From Academic Kids
Chemotaxis is the phenomenon in which bodily cells, bacteria, and other single-celled or multicellular organisms direct their movements according to certain chemicals in their environment. This is important for bacteria to find food (for example, glucose) by swimming towards the highest concentration of food molecules, or to flee from poisons (for example, phenol). In multicellular organisms, chemotaxis is critical in development as well as normal function. Additionally, it has been recognized that mechanisms that allow chemotaxis in animals can be subverted during cancer metastasis.
- Clockwise rotation means that every flagellum "paddles" into a different direction, causing the bacterium to tumble.
- Counter-clockwise rotation aligns the flagella into a single rotating bundle, causing the bacterium to swim in a straight line.
The overall movement of a bacterium is the result of altering tumble and swim phases. Chemotaxis steers the bacterium by regulating the tumbling frequency and duration. If the bacterium is in a favorable environment, the bacterium will tumble frequently so that net movement will be close to zero, while if the bacterium is in an unfavourable environment, it would tend to continue swimming in a straight line to leave the noxious environment. The helical nature of the individual flagellar filament is critical for this to occur. As such, the protein that makes up the flagellar filament, flagellin, is quite similar amongst all flagellated bacterium. Vertebrates seem to have taken advantage of this fact by possessing an immune receptor (TLR5)designed to recognize this conserved protein.
As in many instances in biology, there are bacterium that do not follow this rule. A class of bacterium called Helicobacter possess a single flagellum that is kept inside the cell wall. These bacteria move by spinning the whole cell, which is shaped like a corkscrew.
A bacterium has three types of transmembrane receptors, for attractants, repellents and periplasmatic proteins. The signals from these receptors are transmitted across the plasma membrane into the cytosol, where che proteins are activated. The che proteins alter the tumbling frequency, and alter the receptors.
The proteins CheW and CheA bind to the receptor. The activation of the receptor by an external stimulus causes autophosphorylation in CheA, which in turn phosphorylates CheB and CheY. CheY induced tumbling by interacting with the flagellum protein FliM.
CheB, which was activated by CheA, is a methylesterase, removes methyl residues from glutamate residues on the cytosolic side of the receptor. It works against CheR, a methyltransferase, which adds methyl residues to the glutamate residues. The more methyl residues are attached to the receptor, the more sensitive the receptor. As the signal from the receptor induces demethylation of the receptor in a feedback loop, the system is continuously adjusted to environmental chemical levels, remaining sensitive for small changes even under extreme chemical concentrations. This regulation allows the bacterium to 'remember' chemical concentrations from the recent past and compare them to those it is currently experiencing, thus 'know' whether it is travelling up or down a gradient.
The behaviour of the bacterium resulting from a basically simple mechanism appears quite complex. The bacterium follows an increasing attractant gradient, but starts changing direction once the concentration of the gradient decreases. This way, it finds the way to the area with the highest concentration of attractant (usually the source) quite well. Even under very high concentrations, it can still distinguish very small differences in concentration. Fleeing from a (poisonous) repellent works with the same efficiency. It remains remarkable that this purposeful random walk is a result of simply choosing between two methods of random movement, namely tumbling and straight swimming.
Some eukaryotic cells, such as immune cells also move to where they need to be. The mechanism by which eukaryotic cells chemotax is quite different than in bacteria.

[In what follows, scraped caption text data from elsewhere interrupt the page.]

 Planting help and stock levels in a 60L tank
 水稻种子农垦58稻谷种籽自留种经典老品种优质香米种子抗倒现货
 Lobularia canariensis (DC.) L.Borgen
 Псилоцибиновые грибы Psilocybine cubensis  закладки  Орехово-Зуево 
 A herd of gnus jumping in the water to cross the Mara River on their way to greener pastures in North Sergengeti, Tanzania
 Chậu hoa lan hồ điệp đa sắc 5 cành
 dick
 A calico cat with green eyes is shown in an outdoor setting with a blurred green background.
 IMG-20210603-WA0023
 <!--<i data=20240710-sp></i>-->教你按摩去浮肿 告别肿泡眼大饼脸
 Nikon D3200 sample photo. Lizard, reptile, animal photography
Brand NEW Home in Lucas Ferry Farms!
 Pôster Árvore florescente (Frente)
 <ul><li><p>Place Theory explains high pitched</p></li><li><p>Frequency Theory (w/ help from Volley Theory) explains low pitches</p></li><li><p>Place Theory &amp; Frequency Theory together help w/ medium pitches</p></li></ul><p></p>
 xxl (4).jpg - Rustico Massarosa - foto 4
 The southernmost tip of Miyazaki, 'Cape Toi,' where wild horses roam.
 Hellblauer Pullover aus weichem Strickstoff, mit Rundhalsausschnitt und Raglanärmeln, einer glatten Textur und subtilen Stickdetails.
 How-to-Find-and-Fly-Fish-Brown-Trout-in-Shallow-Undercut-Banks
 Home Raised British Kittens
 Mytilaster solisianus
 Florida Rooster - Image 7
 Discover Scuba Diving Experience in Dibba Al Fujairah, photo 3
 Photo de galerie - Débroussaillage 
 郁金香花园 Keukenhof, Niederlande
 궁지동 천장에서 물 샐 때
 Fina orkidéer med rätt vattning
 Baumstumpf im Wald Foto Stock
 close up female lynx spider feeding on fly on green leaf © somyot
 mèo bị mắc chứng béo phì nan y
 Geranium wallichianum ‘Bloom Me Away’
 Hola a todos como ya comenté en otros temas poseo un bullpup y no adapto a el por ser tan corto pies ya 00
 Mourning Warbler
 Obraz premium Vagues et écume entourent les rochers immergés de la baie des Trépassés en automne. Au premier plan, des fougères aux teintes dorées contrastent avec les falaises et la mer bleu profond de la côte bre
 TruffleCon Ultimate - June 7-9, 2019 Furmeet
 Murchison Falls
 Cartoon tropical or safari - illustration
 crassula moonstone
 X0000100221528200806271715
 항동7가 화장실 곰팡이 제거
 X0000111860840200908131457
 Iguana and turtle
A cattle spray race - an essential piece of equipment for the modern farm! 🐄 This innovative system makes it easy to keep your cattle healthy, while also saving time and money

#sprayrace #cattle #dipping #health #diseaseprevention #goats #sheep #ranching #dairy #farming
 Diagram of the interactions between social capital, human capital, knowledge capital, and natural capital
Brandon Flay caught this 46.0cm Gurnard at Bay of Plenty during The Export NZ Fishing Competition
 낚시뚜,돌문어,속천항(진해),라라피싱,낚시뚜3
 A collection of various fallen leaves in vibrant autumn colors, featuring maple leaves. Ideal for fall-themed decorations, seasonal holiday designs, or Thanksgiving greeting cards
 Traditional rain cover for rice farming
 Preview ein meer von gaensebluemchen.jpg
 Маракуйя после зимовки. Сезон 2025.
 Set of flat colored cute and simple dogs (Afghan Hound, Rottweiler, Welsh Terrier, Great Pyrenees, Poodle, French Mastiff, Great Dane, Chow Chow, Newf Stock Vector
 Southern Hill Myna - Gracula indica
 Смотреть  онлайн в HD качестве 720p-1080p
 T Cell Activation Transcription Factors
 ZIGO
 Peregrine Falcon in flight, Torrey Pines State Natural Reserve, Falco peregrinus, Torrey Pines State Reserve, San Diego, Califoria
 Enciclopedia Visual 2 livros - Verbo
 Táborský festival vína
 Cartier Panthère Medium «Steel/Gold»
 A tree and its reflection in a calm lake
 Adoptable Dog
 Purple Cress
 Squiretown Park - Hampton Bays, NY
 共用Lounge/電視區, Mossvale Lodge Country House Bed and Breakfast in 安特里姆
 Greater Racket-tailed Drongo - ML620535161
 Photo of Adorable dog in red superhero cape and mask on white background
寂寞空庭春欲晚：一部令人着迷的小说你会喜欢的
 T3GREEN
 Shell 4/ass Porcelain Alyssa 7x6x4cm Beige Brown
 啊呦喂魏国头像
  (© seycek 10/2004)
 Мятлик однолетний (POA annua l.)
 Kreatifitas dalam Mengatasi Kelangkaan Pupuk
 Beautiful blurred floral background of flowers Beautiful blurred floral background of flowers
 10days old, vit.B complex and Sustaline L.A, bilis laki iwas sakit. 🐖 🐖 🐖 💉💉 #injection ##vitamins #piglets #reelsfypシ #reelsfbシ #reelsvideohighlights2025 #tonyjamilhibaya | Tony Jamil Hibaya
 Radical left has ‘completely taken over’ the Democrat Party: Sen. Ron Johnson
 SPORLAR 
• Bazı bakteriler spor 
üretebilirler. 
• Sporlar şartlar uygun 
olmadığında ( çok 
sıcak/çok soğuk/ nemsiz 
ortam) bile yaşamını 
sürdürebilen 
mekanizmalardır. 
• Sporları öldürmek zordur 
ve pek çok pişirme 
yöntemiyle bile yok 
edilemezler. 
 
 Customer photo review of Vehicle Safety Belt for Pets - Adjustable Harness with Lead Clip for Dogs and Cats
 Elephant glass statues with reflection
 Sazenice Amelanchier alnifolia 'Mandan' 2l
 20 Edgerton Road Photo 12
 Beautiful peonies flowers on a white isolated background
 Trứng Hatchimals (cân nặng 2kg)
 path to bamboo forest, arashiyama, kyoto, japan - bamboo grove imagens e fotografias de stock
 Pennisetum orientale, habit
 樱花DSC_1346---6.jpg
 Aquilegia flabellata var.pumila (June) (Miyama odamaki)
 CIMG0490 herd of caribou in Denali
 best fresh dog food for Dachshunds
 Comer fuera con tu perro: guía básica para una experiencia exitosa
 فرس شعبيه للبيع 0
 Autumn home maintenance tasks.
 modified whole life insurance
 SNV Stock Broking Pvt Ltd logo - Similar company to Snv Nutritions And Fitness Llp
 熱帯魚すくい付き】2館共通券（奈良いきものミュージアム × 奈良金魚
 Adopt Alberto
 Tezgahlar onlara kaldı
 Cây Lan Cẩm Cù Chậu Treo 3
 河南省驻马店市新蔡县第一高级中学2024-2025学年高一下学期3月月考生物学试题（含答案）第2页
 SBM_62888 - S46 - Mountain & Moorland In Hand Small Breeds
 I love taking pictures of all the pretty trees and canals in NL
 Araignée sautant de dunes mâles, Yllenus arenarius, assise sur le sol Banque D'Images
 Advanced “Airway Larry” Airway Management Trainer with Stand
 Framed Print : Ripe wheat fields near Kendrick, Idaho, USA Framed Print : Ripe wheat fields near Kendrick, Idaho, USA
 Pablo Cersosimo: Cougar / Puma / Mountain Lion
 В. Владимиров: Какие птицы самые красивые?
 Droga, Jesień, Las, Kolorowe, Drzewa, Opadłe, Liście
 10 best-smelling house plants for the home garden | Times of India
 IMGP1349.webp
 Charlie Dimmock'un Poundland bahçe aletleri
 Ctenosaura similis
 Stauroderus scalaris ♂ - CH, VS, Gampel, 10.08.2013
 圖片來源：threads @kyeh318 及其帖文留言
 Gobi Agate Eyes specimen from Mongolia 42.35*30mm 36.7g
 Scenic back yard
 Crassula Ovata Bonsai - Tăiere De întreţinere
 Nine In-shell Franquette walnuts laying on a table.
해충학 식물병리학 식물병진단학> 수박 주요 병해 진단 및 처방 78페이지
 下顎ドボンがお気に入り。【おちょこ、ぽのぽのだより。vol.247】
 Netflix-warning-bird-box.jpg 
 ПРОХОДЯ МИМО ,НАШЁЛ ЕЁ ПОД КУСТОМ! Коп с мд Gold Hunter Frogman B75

For the most part, eukaryotic cells sense the presence of chemotactic stimuli though the use of 7-transmembrane (or serpentine) heterotrimeric G-protein coupled receptors. This class of receptors is huge, representing a significant portion of the genome. Some members of this gene superfamily are used in eyesight (rhodopsins) as well as in olfaction (smelling).
Unlike motility in bacterial chemotaxis, the mechanism by which eukaryotic cells physcially move is unclear. There appears to be mechanisms by which an external chemotactic gradient is sensed and turned into an intracellular PIP2 gradient, but it is unclear how this leads to cellular motility.